Assignment:
Would you please repeat exactly the entries below, starting at the line with "Игрушка автобус" and ending at the line with "CarolineEvans x online", and nothing outside that range? Leave out the pictures.
....
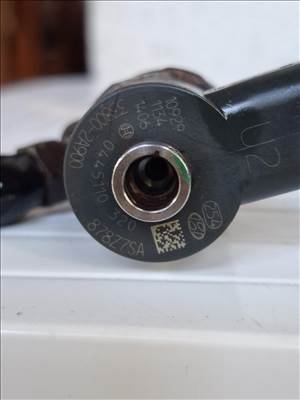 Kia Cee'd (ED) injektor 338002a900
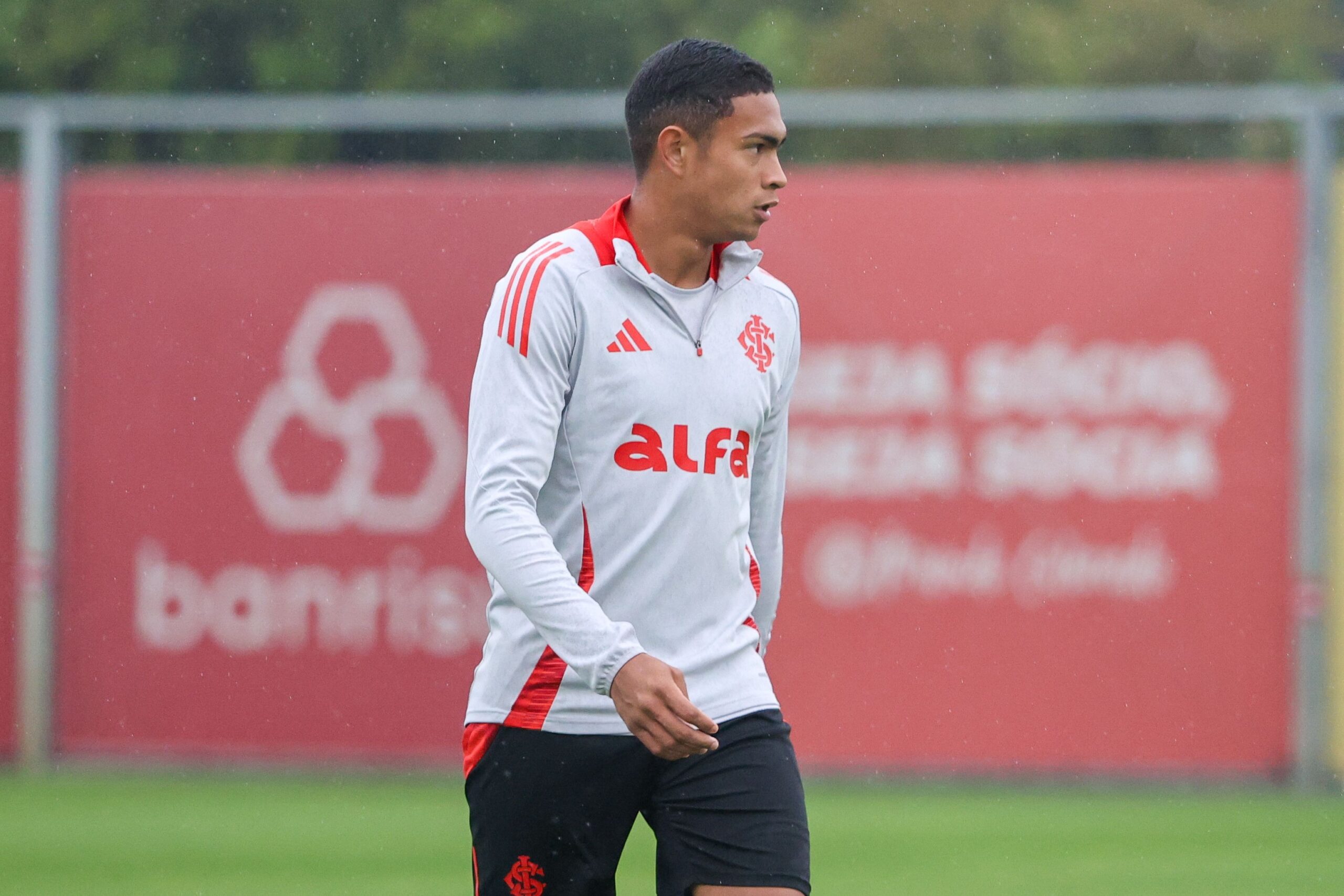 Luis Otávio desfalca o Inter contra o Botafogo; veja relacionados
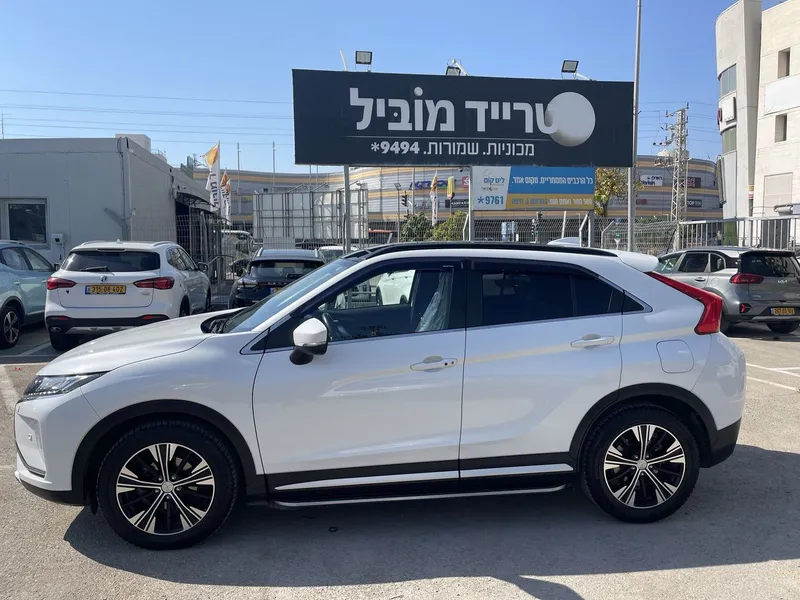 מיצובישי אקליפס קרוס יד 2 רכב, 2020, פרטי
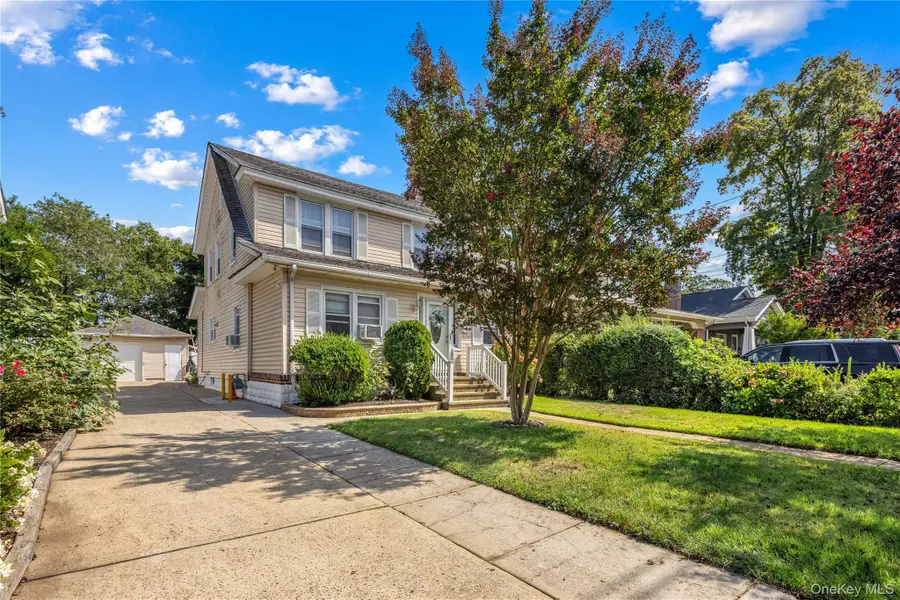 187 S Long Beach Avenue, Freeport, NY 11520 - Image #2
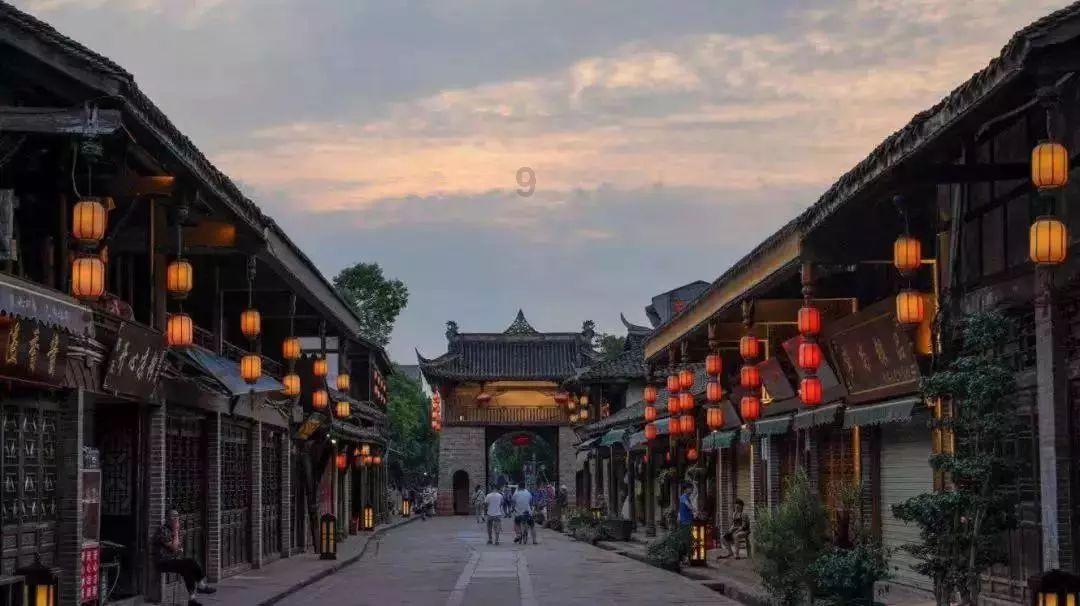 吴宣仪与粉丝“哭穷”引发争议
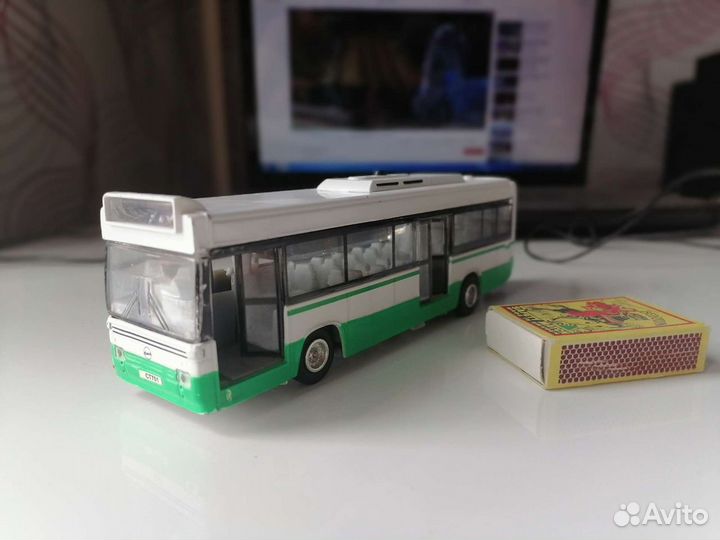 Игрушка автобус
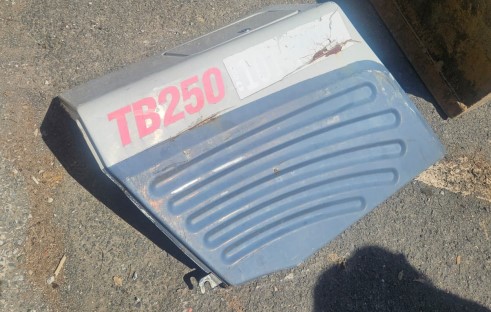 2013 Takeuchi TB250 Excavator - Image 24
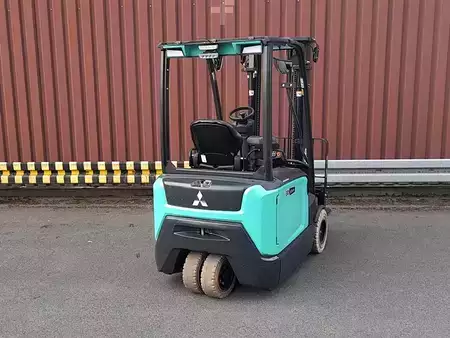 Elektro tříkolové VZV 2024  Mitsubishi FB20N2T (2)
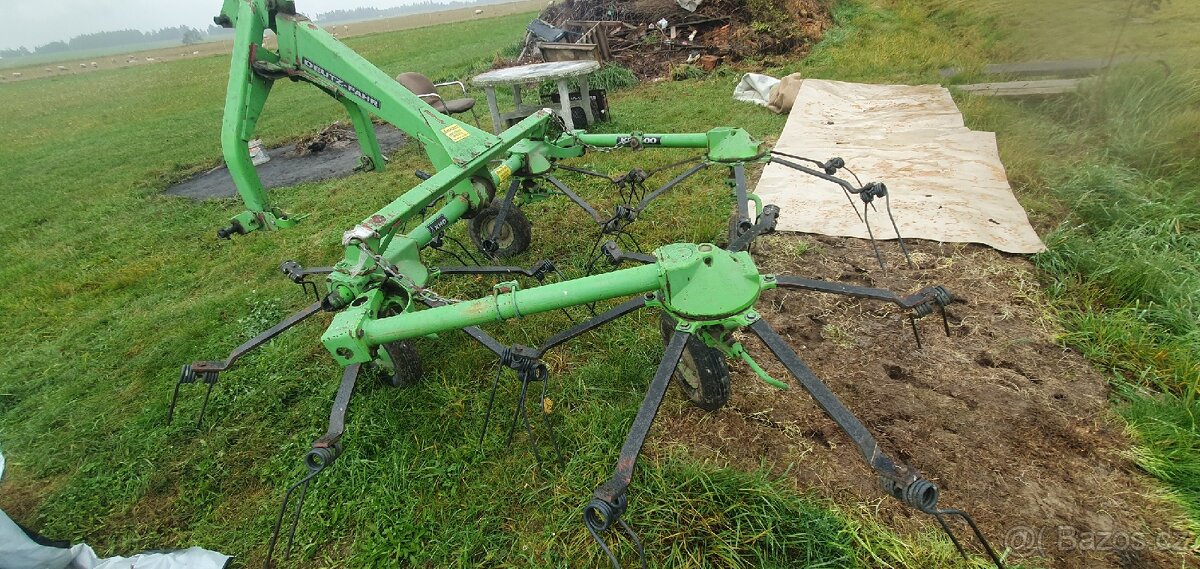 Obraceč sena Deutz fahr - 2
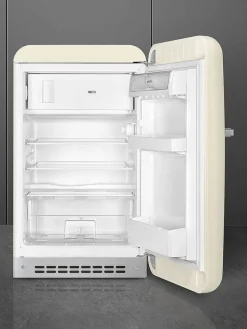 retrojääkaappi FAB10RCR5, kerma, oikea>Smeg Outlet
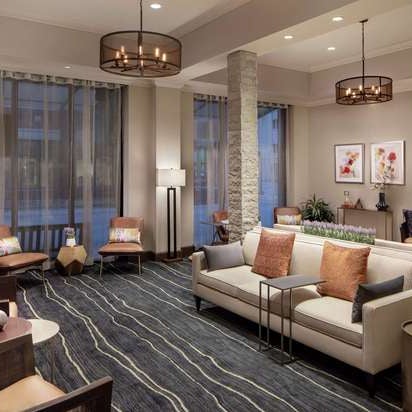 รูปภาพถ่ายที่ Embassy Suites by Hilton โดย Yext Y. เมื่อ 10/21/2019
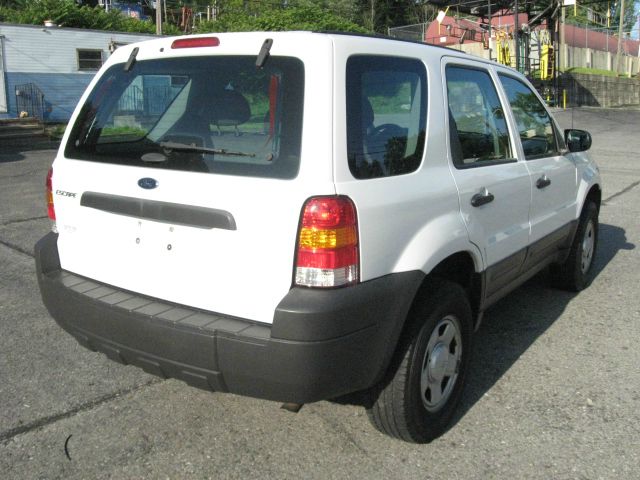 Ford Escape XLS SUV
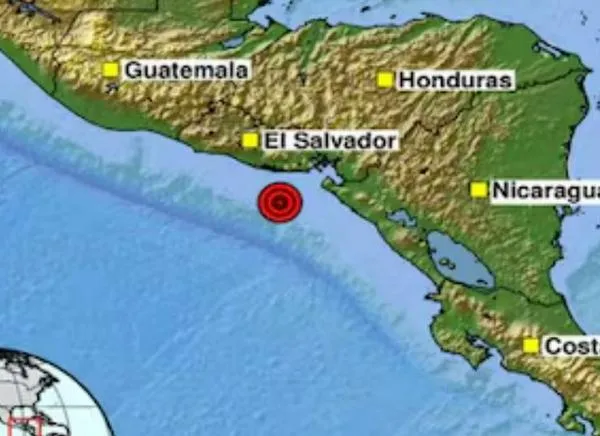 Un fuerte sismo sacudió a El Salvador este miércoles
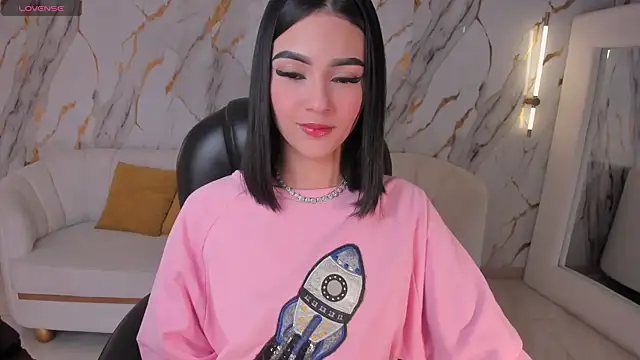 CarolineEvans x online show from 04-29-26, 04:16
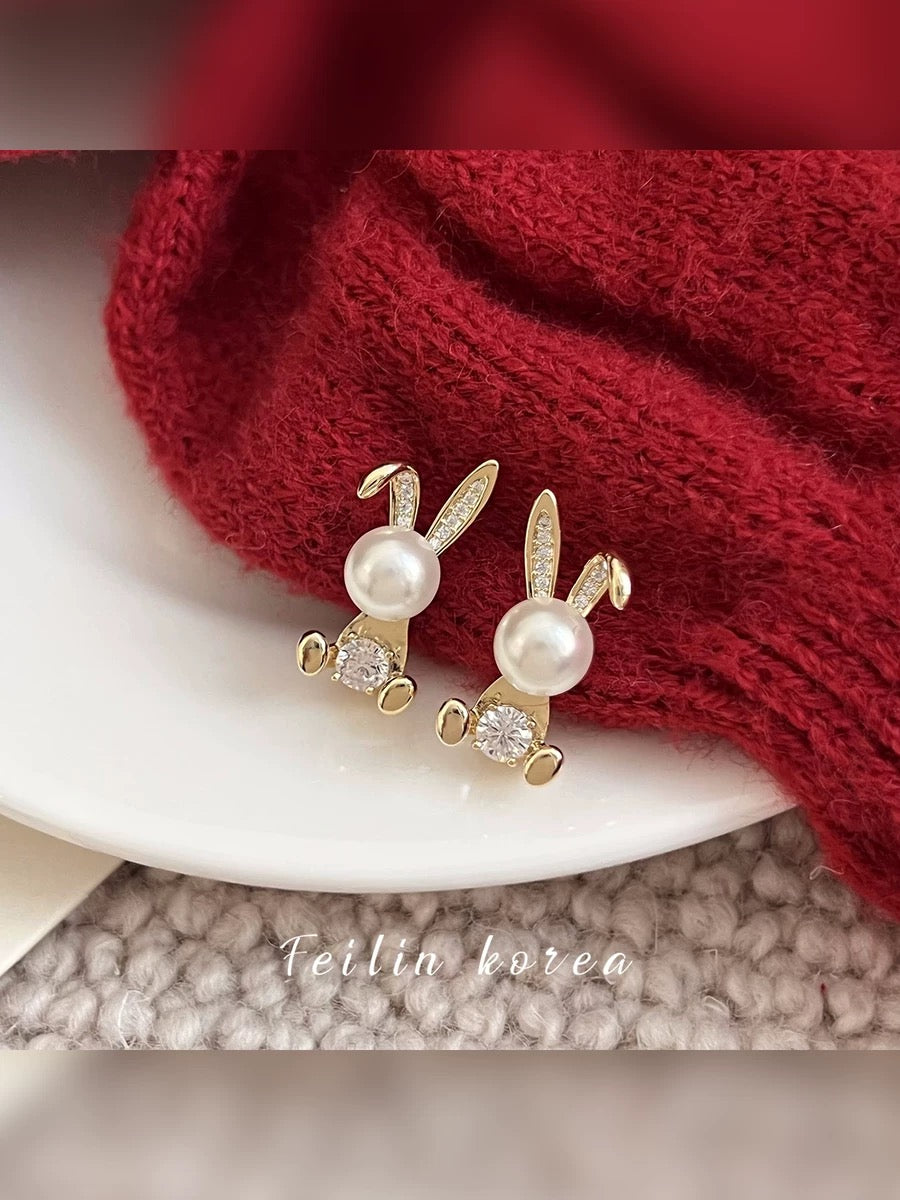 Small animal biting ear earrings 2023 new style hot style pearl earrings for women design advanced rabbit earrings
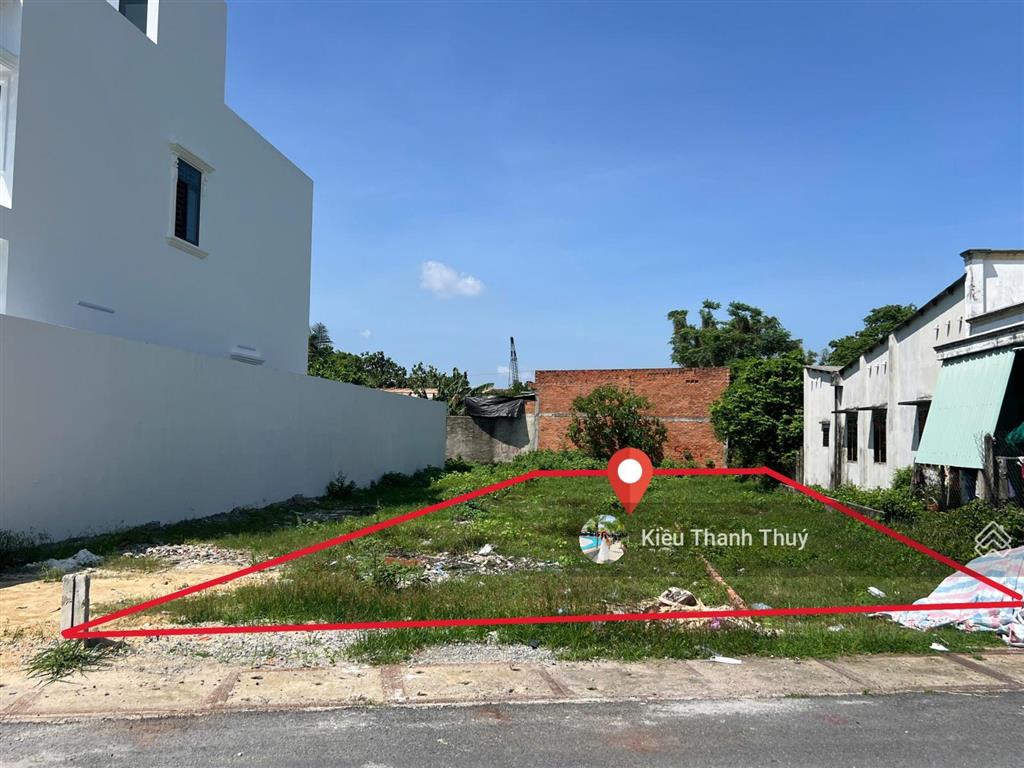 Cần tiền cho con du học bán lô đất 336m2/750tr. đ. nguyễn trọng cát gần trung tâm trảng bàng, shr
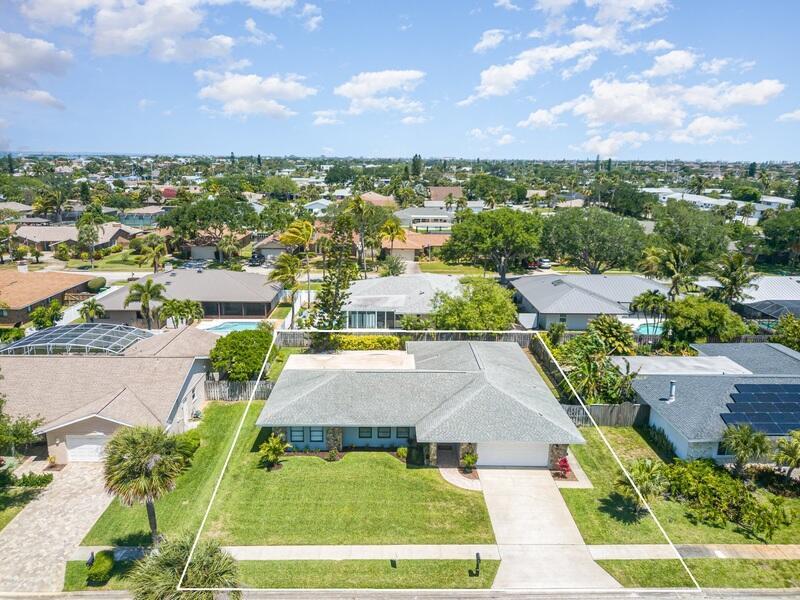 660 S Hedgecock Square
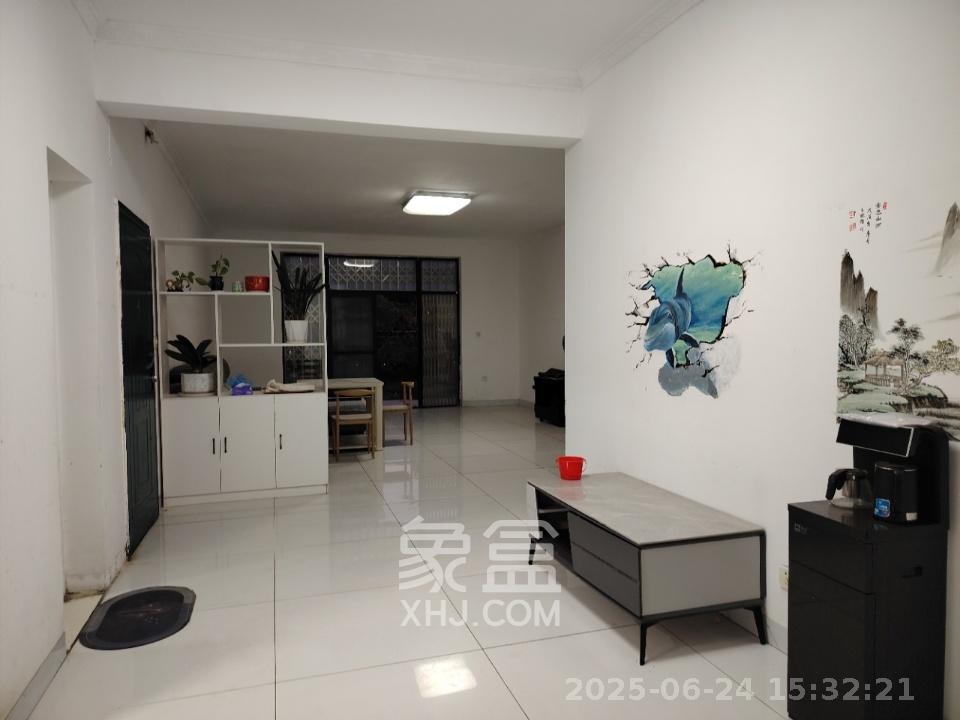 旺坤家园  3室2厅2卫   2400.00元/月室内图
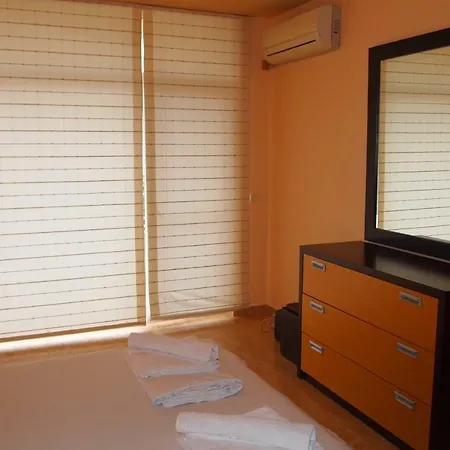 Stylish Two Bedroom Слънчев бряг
....
Solution:
 Игрушка автобус
 2013 Takeuchi TB250 Excavator - Image 24
 Elektro tříkolové VZV 2024  Mitsubishi FB20N2T (2)
 Obraceč sena Deutz fahr - 2
 retrojääkaappi FAB10RCR5, kerma, oikea>Smeg Outlet
 รูปภาพถ่ายที่ Embassy Suites by Hilton โดย Yext Y. เมื่อ 10/21/2019
 Ford Escape XLS SUV
 Un fuerte sismo sacudió a El Salvador este miércoles
 CarolineEvans x online show from 04-29-26, 04:16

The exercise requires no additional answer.